Appellant argues that the trial court erred in failing to take into consideration the support payment he voluntarily made to his major children.

A major child may petition for support, if he is in necessitous circumstances. C.C. Art. 229, Fisher v. Fisher, 320 So.2d 326 (La.App., 3rd Cir., 1975). A major child, who is in school, but capable of working, is not by the mere fact of his schooling, in need of support. Phillips v. Phillips, 339 So.2d 1299 (La.App., 1st Cir., 1976), Dubroc v. Dubroc, 284 So.2d 869 (La.App., 4th Cir., 1973). Minors are not required to prove their need, as are majors, in order to secure support. C.C. Arts. 227, 230.

In this case the three children are majors and are in college. They may properly petition the court and prove their need for support. The father's responsibility is best stated in Phillips v. Phillips, supra at 1301:

While we might be inclined to think a father worthy of the name will always generously support and encourage his child's reasonable educational ambitions, the law wisely leaves his generosity as a matter between him and his own conscience. The law declines to force a parent to contribute to his adult child's education or to give support to his adult child who is capable of self-support.

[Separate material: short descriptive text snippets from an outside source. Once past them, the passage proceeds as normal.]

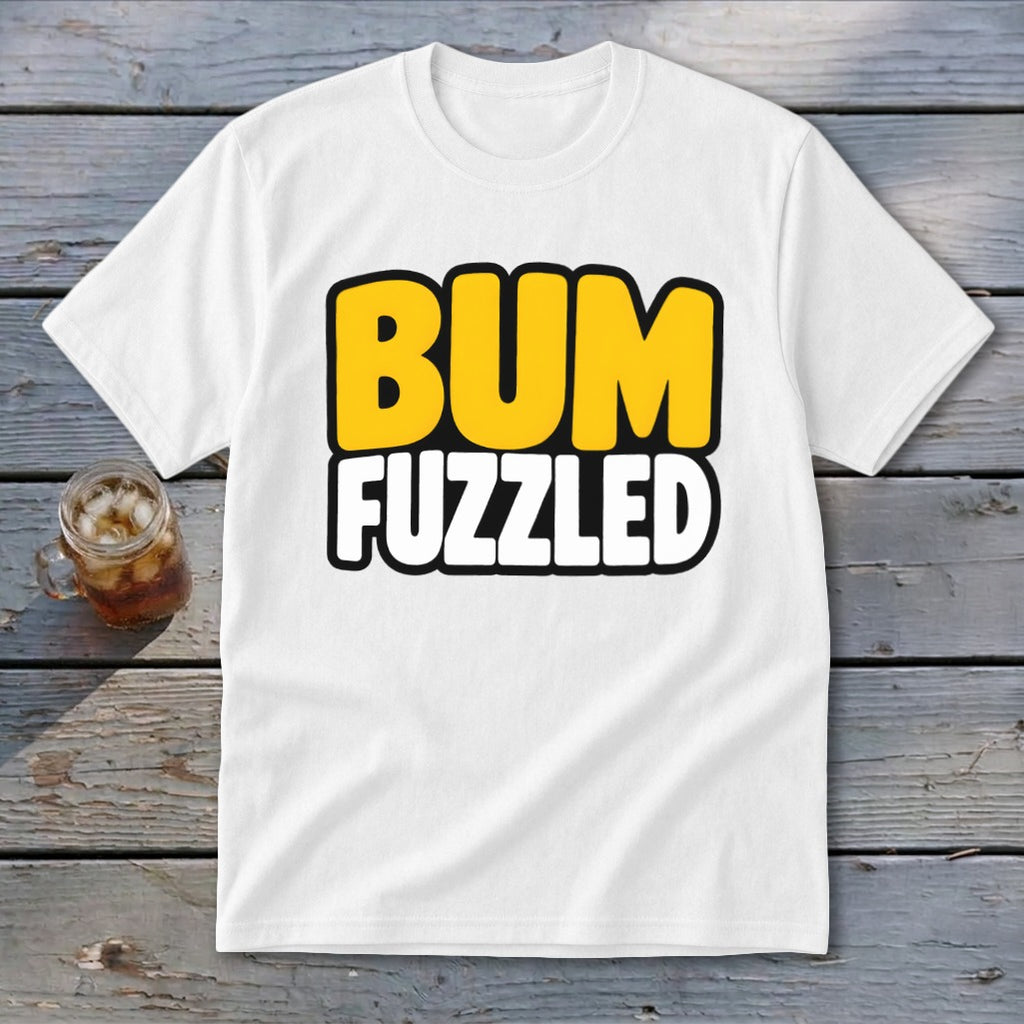 A white t-shirt featuring the text BUM FUZZLED on a wooden surface.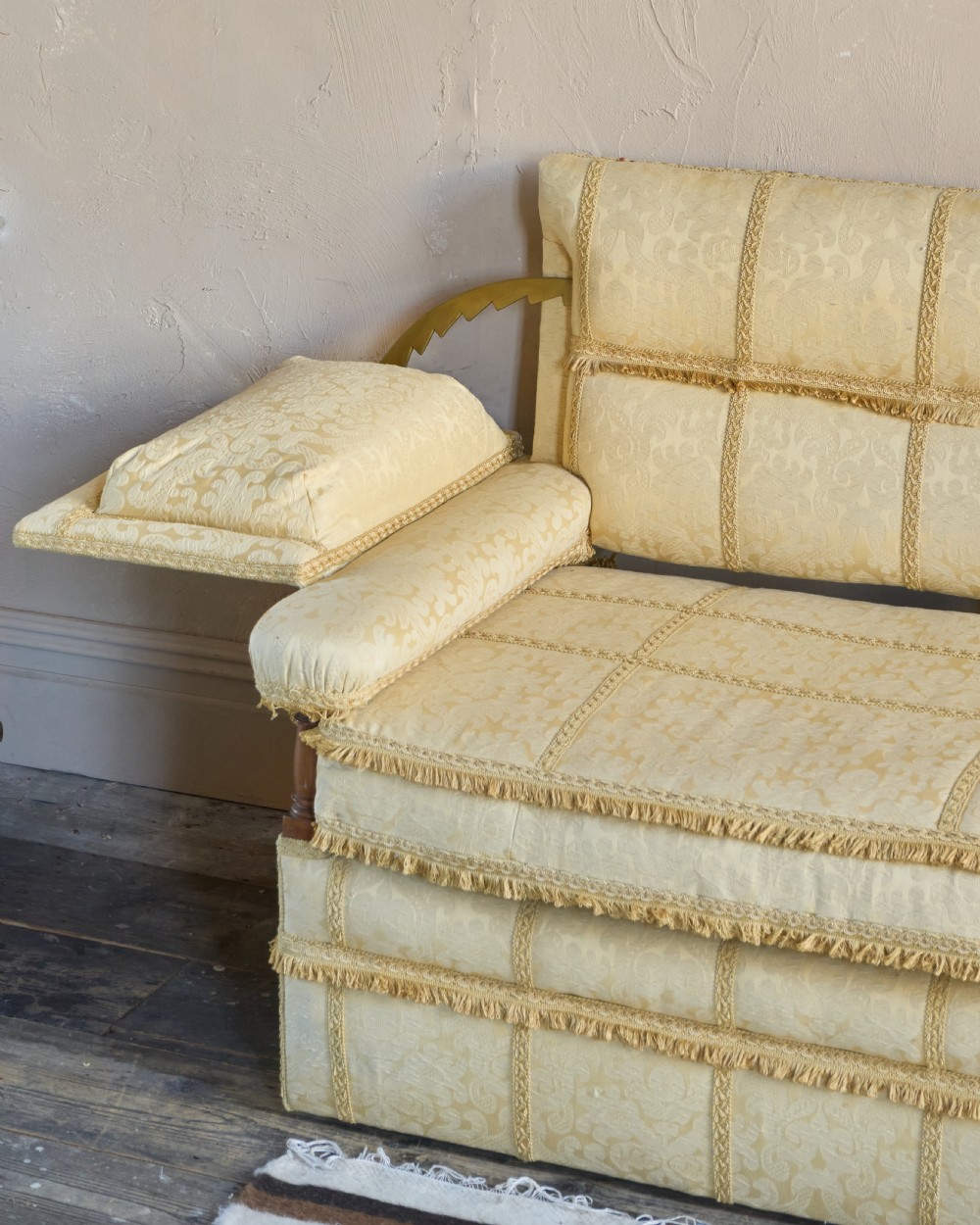 An antique gold damask Knole sofa with high drop-down side arms, fringed trim, and vertical panel upholstery. View V
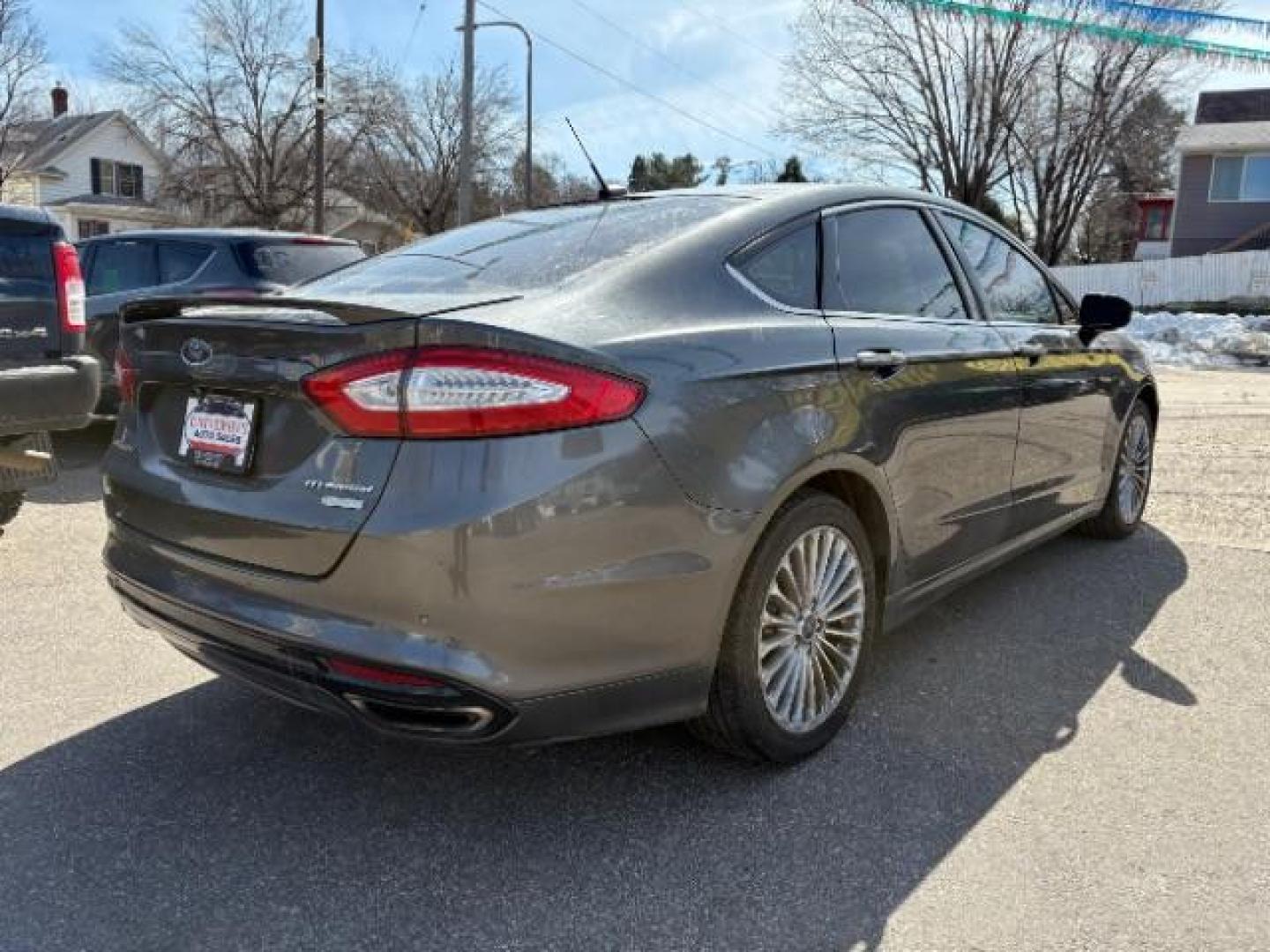 2016 Guard Metallic Ford Fusion Titanium (3FA6P0K95GR) with an 2.0L L4 DOHC 16V engine, 6-Speed Automatic transmission, located at 745 S Robert St, St. Paul, MN, 55107, (651) 222-2991, 44.923389, -93.081215 - Photo#8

Accordingly, the trial court did not err in refusing to consider the husband's voluntary payments to his major children as being expenses for purposes of determining alimony.

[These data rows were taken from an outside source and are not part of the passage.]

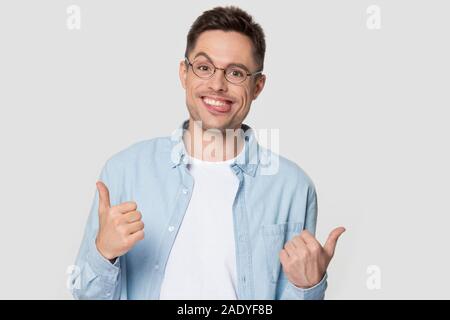 Young man with funny nerd jerk face showing thumb up Stock Photo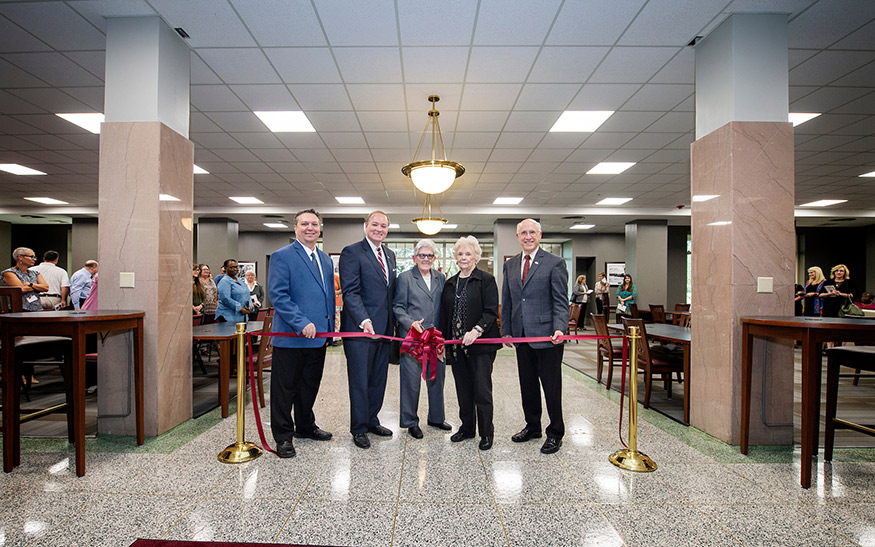 MSU alumna Janice I. Nicholson cutting a ribbon surrounded by Associate Dean of MSU Libraries Stephen Cunetto; MSU President Mark E. Keenum; Dean of Libraries Frances Coleman; and Provost and Executive Vice President David Shaw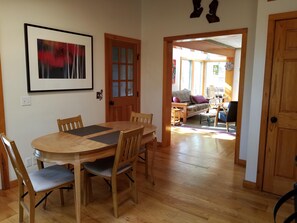 Dining area looking into living room.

Finally, the husband argues that the trial court erred in failing to consider the financial set backs of the CON PAC company, in determining the alimony award.

To the extent that the company's problems impacted upon Mr. Vorisek's salary, they were considered. These set backs could not be otherwise considered, as the corporation is an entity separate and apart from its officers and stockholders.

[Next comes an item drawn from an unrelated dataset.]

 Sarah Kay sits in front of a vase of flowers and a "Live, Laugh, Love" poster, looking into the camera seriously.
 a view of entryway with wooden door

The trial court judge has great discretion in the area of domestic relations. See: Kean v. Kean, supra. He has much discretion to allow and fix the amount of alimony. Loyacano v. Loyacano, supra.

A review of the record does not convince us that the trial judge committed manifest error when he awarded the defendant alimony after divorce in the amount of $600 per month. Arceneaux v. Domingue, 365 So.2d 1330 (La., 1979).

We do, however, amend the judgment insofar as it required the plaintiff to furnish his former wife with a vehicle and maintenance. The husband is thus relieved of this personal obligation during such time as this item of expense is being provided by the defendant's employer, CON PAC, Inc.

For the reasons assigned, the judgment is amended to provide that the plaintiff shall be required to provide the defendant with a vehicle and maintenance only at such times as these items are not provided by her employer, CON PAC, Inc. In all other respects the judgment is affirmed. The costs of this appeal are assessed against the appellant.



1. Mr. Vorisek testified that in 1979 his earned gross income was $46,685. He stated that he was forced to take a ten percent (10%) cut in salary in fiscal year 1981, because the company had experienced a quarter of a million dollar loss the year before.
2. The company pays rent on one apartment which the plaintiff occupies, it provides him with a car in New Orleans, pays for his business related travel, a membership at the Monroe Racket Club, a table at the symphony, tickets to the Saints' games, his business telephone calls, business meals, lodging, gifts and provides various insurance coverage.
3. See attached addendum for an itemization of income and expenses.
4. See attached addendum for an itemization of income and expenses.